Lo scopo era più che nobile: raccogliere fondi e dividerli metà e metà per l’Ospedale dei Bambini di Buenos Aires e per l’Associazione Italiana degli Sportivi Disabili. Tutto molto bello, tutto estremamente nobile. Fino a tutti quei problemi.
Cos’era successo? Gli italiani avevano iniziato a perdere pezzi, e cioè giocatori. Trapattoni, all’epoca allenatore dell’Inter, aveva rifiutato di lasciar andare Bergomi, Zenga, Berti e Serena con la scusa che la sua squadra non potesse dare alcun tipo di vantaggio nella lotta finale per lo scudetto.
La Sampdoria aveva allora fatto lo stesso con Vialli e Mancini. E la Juve? No, non voleva essere da meno. Così finì per essere una partita tra la nazionale argentina e la Ternana, una squadra che ai tempi lottava in Serie D, privata anche della gloria di un passato certamente diverso.

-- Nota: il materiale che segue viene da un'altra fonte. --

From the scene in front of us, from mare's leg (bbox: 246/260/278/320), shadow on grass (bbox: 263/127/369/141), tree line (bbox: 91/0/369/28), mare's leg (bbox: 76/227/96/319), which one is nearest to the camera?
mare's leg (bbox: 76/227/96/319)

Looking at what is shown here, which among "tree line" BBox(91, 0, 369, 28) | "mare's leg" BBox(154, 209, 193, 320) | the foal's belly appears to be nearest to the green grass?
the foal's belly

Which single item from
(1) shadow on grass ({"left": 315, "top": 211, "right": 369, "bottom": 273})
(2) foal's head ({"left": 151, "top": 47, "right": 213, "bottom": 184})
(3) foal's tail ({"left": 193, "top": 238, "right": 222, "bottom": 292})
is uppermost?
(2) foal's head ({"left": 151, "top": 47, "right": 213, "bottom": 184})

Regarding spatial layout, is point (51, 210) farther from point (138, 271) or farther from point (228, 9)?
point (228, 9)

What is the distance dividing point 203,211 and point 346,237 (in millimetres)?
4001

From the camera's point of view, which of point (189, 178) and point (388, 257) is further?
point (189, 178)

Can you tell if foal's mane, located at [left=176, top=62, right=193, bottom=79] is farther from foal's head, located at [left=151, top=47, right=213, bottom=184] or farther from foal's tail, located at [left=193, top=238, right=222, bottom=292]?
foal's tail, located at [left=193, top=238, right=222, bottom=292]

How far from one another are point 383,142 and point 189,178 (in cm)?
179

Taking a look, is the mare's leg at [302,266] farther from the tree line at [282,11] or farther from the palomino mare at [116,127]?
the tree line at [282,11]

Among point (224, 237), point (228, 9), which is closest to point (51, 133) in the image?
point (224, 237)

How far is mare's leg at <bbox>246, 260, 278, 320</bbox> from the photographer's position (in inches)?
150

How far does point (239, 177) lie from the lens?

La partita tra Ternana e Argentina
Va da sé: sarebbe stata una gara senza senso. Sarebbe stato pure un allenamento per certi versi inutile, e poi quanto avrebbe fruttato per lo scopo benefico? Si attivò subito una sorta di mercato interno.
E la Ternana poté contare dopo poco su un rinforzo “internazionale” di lusso. Addirittura Stefano Tacconi, il portiere della Juventus, si presentò alla partita sfidando il presidente della Vecchia Signora, restio come gli altri a lasciar partire i propri giocatori.

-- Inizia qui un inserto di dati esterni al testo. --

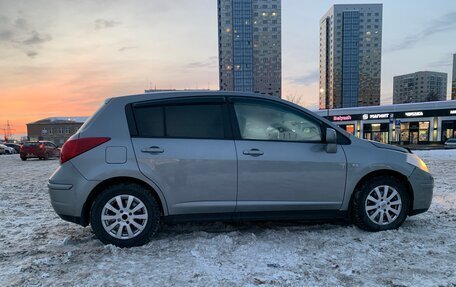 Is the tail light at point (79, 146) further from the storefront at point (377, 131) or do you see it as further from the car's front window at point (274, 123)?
the storefront at point (377, 131)

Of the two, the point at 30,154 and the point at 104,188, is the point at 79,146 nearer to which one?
the point at 104,188

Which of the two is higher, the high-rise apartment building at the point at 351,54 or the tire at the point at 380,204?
the high-rise apartment building at the point at 351,54

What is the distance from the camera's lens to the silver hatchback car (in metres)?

Ma la vera sorpresa si preparava dall’altra parte: mentre la squadra italiana provava a rinforzarsi, senza successo, la risposta della nazionale argentina non poteva farsi attendere. Bilardo mandò in campo Turco e Lalo come titolari. Incredibile. Se non sapete di chi si tratta, sappiate solo che i tre fratelli Maradona stavano per giocare insieme per la squadra nazionale.

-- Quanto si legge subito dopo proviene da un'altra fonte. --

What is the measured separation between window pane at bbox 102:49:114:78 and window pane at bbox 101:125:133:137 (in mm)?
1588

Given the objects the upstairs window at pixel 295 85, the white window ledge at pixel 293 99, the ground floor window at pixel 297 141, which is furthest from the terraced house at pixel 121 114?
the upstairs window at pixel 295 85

Ecco, non era finita certamente lì. Anzi: era appena iniziato il giro delle complicazioni. Intanto Nery Pumpido, il portiere titolare, non poté arrivare in tempo: a causa di un ritardo nel volo Siviglia–Madrid aveva perso la coincidenza per Roma.
Riuscì a entrare in campo appena 15 minuti nella ripresa, sostituendo il portiere improvvisato Jorge Burruchaga (che ancora ringraziava il Galgo Dezotti per un salvataggio fatto nel primo tempo).
In ogni caso, i quasi 12.000 spettatori furono in grado di vedere l’Argentina dei fuoriclasse schiacciare la Ternana, risultato finale di 7-2.
I gol arrivarono da Caniggia (3), Diego (2), Ruggeri e Pasculli. Per aggiungere la ciliegina sulla torta e dare a questa partita un tocco ancora più bizzarro, in panchina, in mezzo ai sostituti, erano seduti accanto a Bilardo Don Diego Maradona senior, Guillermo Cóppola, storico agente di Diego, e Lidia Elsa Satragno meglio nota con lo pseudonimo di Pinky, politica e una prima firma del giornalismo argentino. Senza senso.
Gli altri Maradona
Per sempre, dunque, sarà la partita di Lalo ed El Turco Maradona. Senza talento, ma con un cognome più pesante di tutta l’Argentina.
Raul e Hugo, che pure ha giocato in Italia, nel 1989 avevano 23 e 20 anni, Diego era già in direzione 30. Hugo veniva soprannominato il Turco e suo fratello era sostanzialmente il suo idolo: “È il migliore al mondo – raccontava quando Maradona era solo un ragazzino pieno di speranze -, ci regala tutto, scarpe e palloni. Diventare come lui? Impossibile”. Anche quando era solo Diego, Hugo non ci poteva credere.
Ma quali traiettorie hanno avuto? Il Turco partì dall’Argentinos, Lalo addirittura dal Boca Juniors, dove giocò due partite da titolare. Entrambi hanno viaggiato e vissuto a pochi chilometri dall’illustre fratello: Lalo è finito poi in Spagna, al Granada; Hugo ancora al Napoli, ma subito prestato all’Ascoli, senza neanche vestire un giorno d’azzurro.
Scherzo del destino: el Turco, come Maradona, aveva iniziato anche una carriera da allenatore, subito accantonata per i tanti fallimenti. Se n’è andato un anno dopo Diego Armando, giovane e ancora alle prese con i propri demoni. Come el Diez, in fondo, Hugo sognava ancora di poter diventare.